Cette pensée d’égalité semble plus éloignée que jamais. Dans les analyses de la victoire de Trump, on ne parle plus que de l’origine, la race et le sexe des électeurs.

Au moment où l’idéal d’égalité n’est plus un idéal spirituel, mais qu’il est réduit au matérialisme pur, on commence à chercher le point le plus bas. Pour le dire avec les mots de Freud : nous avons tous besoin de sexe et d’agressivité. L’enseignement a atteint ce point le plus bas, car là nous sommes tous égaux. La culture doit descendre au niveau le plus bas, car là nous sommes tous égaux. L’offre des médias descend au niveau le plus bas, parce qu’il s’agit uniquement d’audimat. Quand l’idéal d’égalité est perverti en matérialisme et qu’on le combine à la philosophie des sciences omniprésente qui dit que seul le chiffre compte, on crée un vide immense. Et si la crise économique frappe et que le confort matériel disparaît, les gens pensent : merde, je suis baisé ! Et ils se mettent en colère.

Mais ils sont baisés, non?

Oui, certainement, mais le fascisme n’est pas la réponse.

Qui est aujourd’hui le principal contrepoids de Trump dans le monde?

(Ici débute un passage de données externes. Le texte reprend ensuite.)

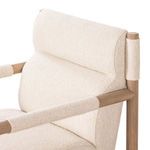 Product Image 2 for Kiano Dining Armchair from Four Hands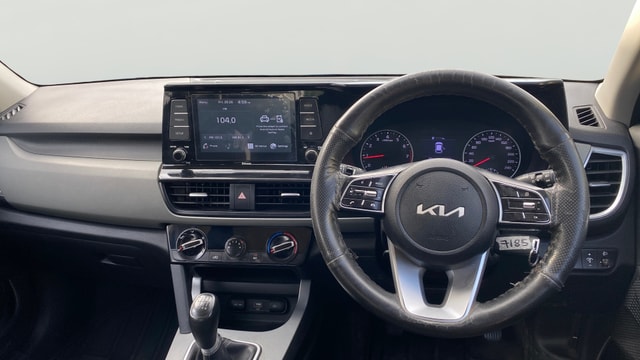 View Kia Seltos Image 21 Used Kia Seltos Image 21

Le pape François. Il s’est déjà prononcé quand il était en Amérique. En outre, ce pape a acquis une grande autorité morale aux yeux de beaucoup de gens. J’espère qu’il pourra la transmettre avec enthousiasme. Dans le passé, nous avons eu la chance d’avoir quelqu’un comme Martin Luther King. Mais on ne peut faire apparaître ces gens comme par magie. Nous allons devoir entrer en action.